Pictures don't belong in the copy; print all the records exactly.

------------

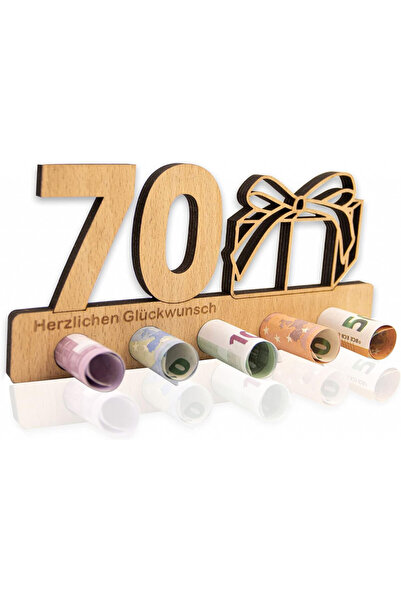 ANYUNKEY Decorațiune pentru aniversarea a 70 de ani, lemn, maro, 20 x 11 cm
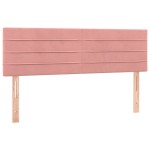 vidaXL Tăblie de pat cu LED, roz, 144x5x78/88 cm, catifea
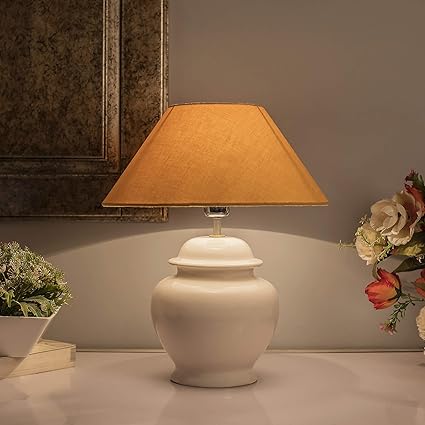 Homesake Ceramic Pot Shaped Base White Table Lamp with Golden Cone Shade, LED Bulb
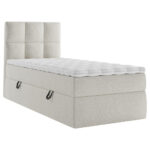 BED MET MATRAS 90 cm x 200 cm, hout, textiel, houten materiaal wit thumbnail 5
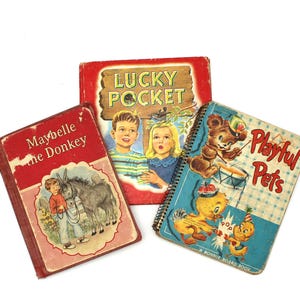 Three cute 1950s vintage children's books - Maybelle Donkey, animal stories, schoolbook readers, primary, cat, dog, illustrations, hardcover
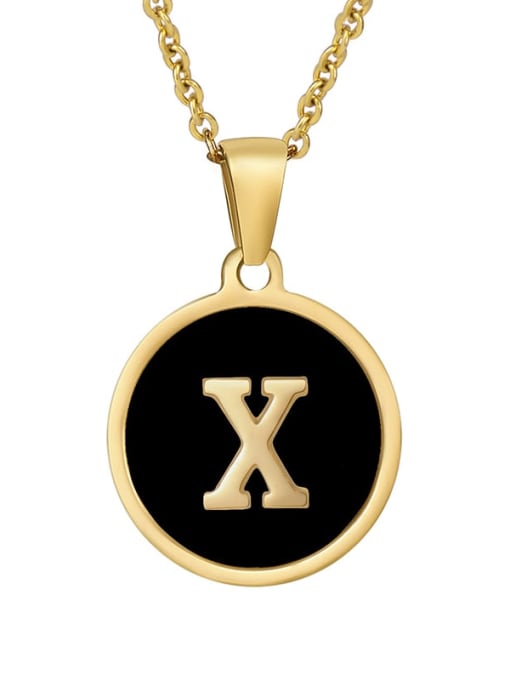 Golden x Titanium Steel Enamel Letter Minimalist  Round Pendant Necklace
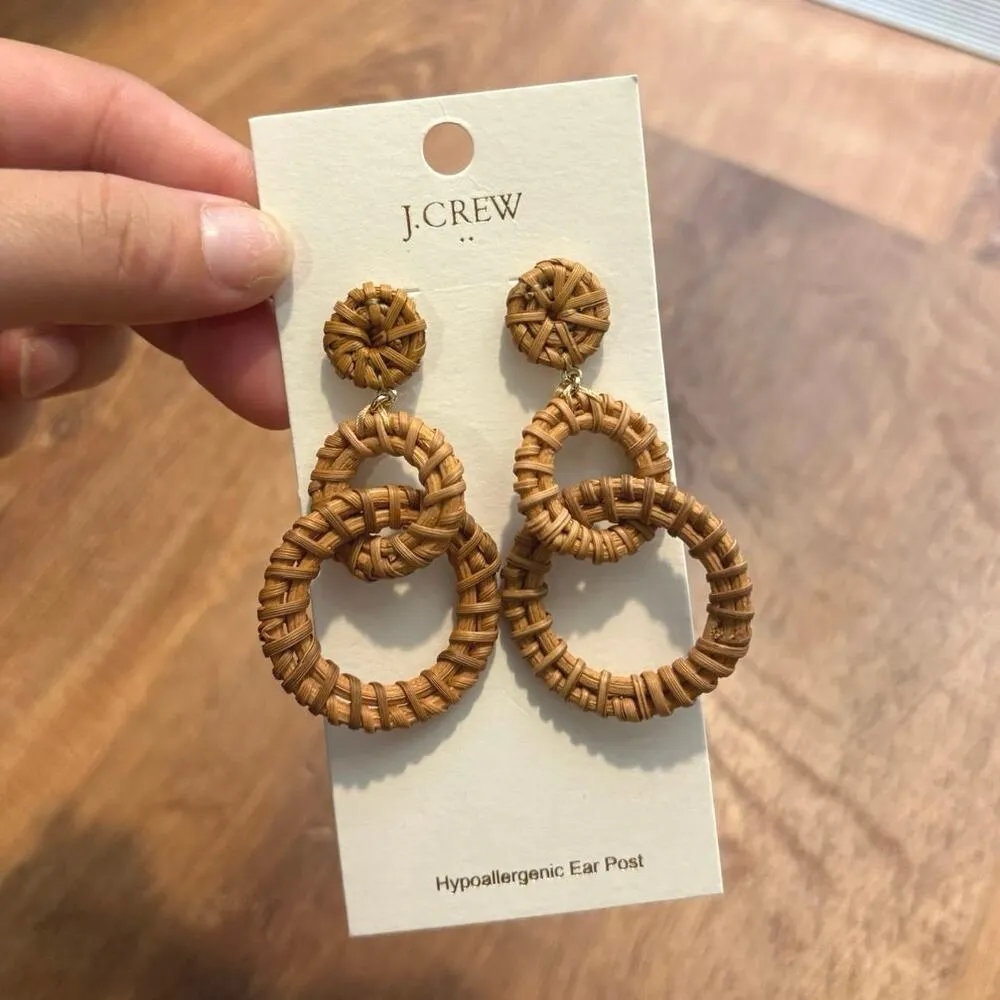 NWT J.Crew Interlocking Rattan Hoop Earrings Brown - Image 5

------------

YOUR SOLUTION →
 ANYUNKEY Decorațiune pentru aniversarea a 70 de ani, lemn, maro, 20 x 11 cm
 vidaXL Tăblie de pat cu LED, roz, 144x5x78/88 cm, catifea
 Homesake Ceramic Pot Shaped Base White Table Lamp with Golden Cone Shade, LED Bulb
 BED MET MATRAS 90 cm x 200 cm, hout, textiel, houten materiaal wit thumbnail 5
 Three cute 1950s vintage children's books - Maybelle Donkey, animal stories, schoolbook readers, primary, cat, dog, illustrations, hardcover
 Golden x Titanium Steel Enamel Letter Minimalist  Round Pendant Necklace
 NWT J.Crew Interlocking Rattan Hoop Earrings Brown - Image 5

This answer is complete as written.